Лейтенант Прибе тоже опасается мести евреев, но это не составляет ядро его аргументации. Обхождение с евреями ему кажется неправильным уже потому, что объявившие сами себя «противниками евреев», как его отец, возмущаются требующимся обхождением с жертвами и страдают от того, что кажется, они должны были сделать евреям. И такие взгляды распространены — уже Ханах Арендт указывал на то, что язык национал-социализма сделал из «получателей приказов» «носителей приказов» — носителей целей, которые сами могут страдать от своего груза [306]. Именно поэтому свидетельством безупречной морали могла считаться критика убийства как раз потому, что одобрялись преследования евреев как таковые. В познаньской речи Генриха Гиммлера как раз в этом смысле шла речь о «трудной задаче» уничтожения и о достижении того, чтобы, убивая, оставаться «порядочным». Такая перспектива предусматривает, что определение справедливости и несправедливости в целом сместились — так что убийство людей в этих относительных рамках морально могло бы считаться «хорошим», так как служило высшему благу «народного сообщества». Убийственная мораль национал-социализма нормативно объединила как личные угрызения совести, так и страдания от трудной задачи убийства. К этому относятся рассказы, в которых абсолютно признаются страдания отдельной жертвы, как это следует из истории Прибе.
ПРИБЕ: При том продвижении русских, когда русские были в Польше, евреи сильно пострадали, тогда тоже русские многих расстреляли. Один старый адвокат рассказывал моему отцу: «Я бы никогда не поверил, что в Германии будет так». Это все вещи, о которых я узнал от моего отца, как СС обыскивали дома; у врачей, которые были там, все отобрали, все драгоценности, даже обручальные кольца не оставили.
— Что у тебя там?
— Обручальное кольцо.
— Снимай, давай сюда, оно тебе не нужно!
А потом еще и такое дерьмо, как безмерный половой инстинкт, который СС не могли укротить даже перед евреями. Теперь Восточная Галиция полностью очищена от евреев. Многие евреи сделали себе документы и продолжают сидеть повсюду в Польше, все вдруг стали арийцами. Когда по утрам они ехали на работу, мы всегда проезжали мимо, когда ехали на склад за бомбами. Тогда они приходили утром — старые мужчины и женщины — все порознь. Приходили эти женщины, все под руку, они тогда должны были петь свои еврейские песни; тогда особенно бросались в глаза безупречно одетые женщины, очень хорошо выглядевшие женщины тоже там были. Можно было бы их назвать «дамы». У нас рассказывали, что их просто загоняли в такой бассейн и пускали воду, а сзади вода стекала снова, и тогда от них ничего не оставалось. У скольких молодых эсэсовцев начались нервные припадки, потому что они этого просто больше не могли делать. Потом там были тоже правильные братья, один из них как-то сказал моему отцу, что не знает, что будет делать, когда все евреи будут мертвы, он так привык их убивать, что ничего другого уже не умеет. Я бы тоже, наверное, не сумел. Я не смог бы. Отожравшихся мужиков я мог бы поставить к стенке, но женщин и детей, и маленьких детей!

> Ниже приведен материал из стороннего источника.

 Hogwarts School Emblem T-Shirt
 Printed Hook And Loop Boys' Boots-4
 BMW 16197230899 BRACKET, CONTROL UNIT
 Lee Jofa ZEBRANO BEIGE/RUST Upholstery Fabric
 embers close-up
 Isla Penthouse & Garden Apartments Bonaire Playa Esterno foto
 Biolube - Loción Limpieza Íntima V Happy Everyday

Дети только закричат, и всё. Это даже очень хорошо, что для этого брали СС, а не Вермахт [307].
Как видно, рассказчик не испытывает никаких трудностей, сводя самые противоречивые аспекты в одну историю. Не только то, что массовое уничтожение в образе слухов через бесследное погашение получает зловещую ауру (см. раздел о слухах), Прибе критикует и поведение СС за ограбление евреев, и за их «безмерный половой инстинкт», и заверяет, что сам он был бы не в состоянии убивать евреев, по крайней мере, не смог бы убивать женщин и детей. Поэтому «очень хорошо», что исполнение массового уничтожения вменили в обязанность СС, а не Вермахта, в чем мы обнаруживаем те же взгляды, что и у генерал-лейтенанта Киттеля, которому не нравился не сам факт массовых расстрелов, а место их проведения.
Рассматривается как проблема не сама задача, а ее выполнение, и на этом фоне даже сетования Гиммлера в его пресловутой познаньской речи 4 октября 1943 года свидетельствуют о существенном эмпирическом основании: «Это относится к вещам, о которых легко говорить: «Еврейский народ будет уничтожен, — скажет любой член партии, — совершенно ясно, в нашей программе указано устранение евреев, мы их уничтожаем». А потом приходят они, бравые 80 миллионов немцев, и у каждого есть свой приличный еврей. Совершенно ясно, все другие — свиньи, но этот единственный — отличный еврей. Из всех, кто так говорит, никто не справится, никто не выдержит» [308].